Text classification of financial annual reports
Matej Martinc, Aljoša Valentinčič, Martin Žnidarsič and Senja Pollak


In our analysis we investigate the annual reports for the companies of the Dow Jones Industrial Average 30 (DJIA). We are only interested in Item 7 and Item 7A from Part II, as they cover the less regulated parts of the reports. Each report is matched with the company specific financial information, represented as a set of three binary indicators: increases or decreases in earnings and positive or negative cash flows from operations are based on financial statements, while the third indicator characterizes firms that either pay or do not pay dividends. On the one hand, we aim to determine if it is possible to estimate the value of the financial indicator for a specific year from the textual content of that year's annual report, and on the other, we investigate if the current years' reports could be used for the next year's prediction.
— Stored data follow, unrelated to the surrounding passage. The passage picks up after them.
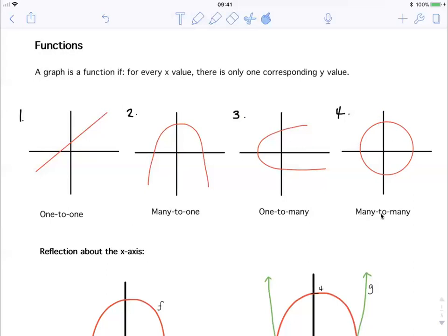So if you're looking at a graph and you can see that it's called one-to-many or many-to-many, then you know it's not a function. If you find that the graph is a function, then it's up to you to determine if it's a one-to-one function or a many-to-one function. Just remember that if it ends with 'to one', it's a function.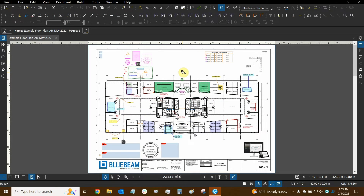Hi everyone and welcome to Bluebeam Revu. My name is Ari and I'm a Bluebeam Certified Instructor with Digital Drafting Systems. Today we're going to learn how to export our files into different file formats.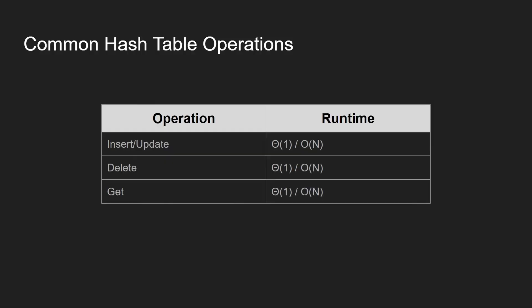Alright. So here are the common hash table operations. We have insert, update, delete, and get. As you can see in the table, the average runtime for all of these operations is constant. Given that all of the keys are unique, all we have to do is simply pass the key to a hash function, which would usually compute an index in constant time. However, in the worst case, we have a linear runtime. Because, as you can see, if we get a collision, if we get a hash collision, like in open addressing, we would potentially have to scan through the entire array that the hash table maps to in order to find the next empty slot to store a given value.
We consider two distinct text classification approaches appropriate for small datasets. The first one is an SVM-based approach with extensive feature engineering and the second one is an ULMFIT neural approach proposed by Howard and Ruder (2018), which overcomes the lack of available contextual information in small datasets with a transfer learning technique. A challenge we encountered is class imbalance of indicators which we tackled with two different oversampling techniques. Results show that the SVM-based technique outperforms the ULMFIT neural approach. Even though we can significantly improve the baseline for two out of three financial indicators, the performance of the classifiers is still not fully satisfying.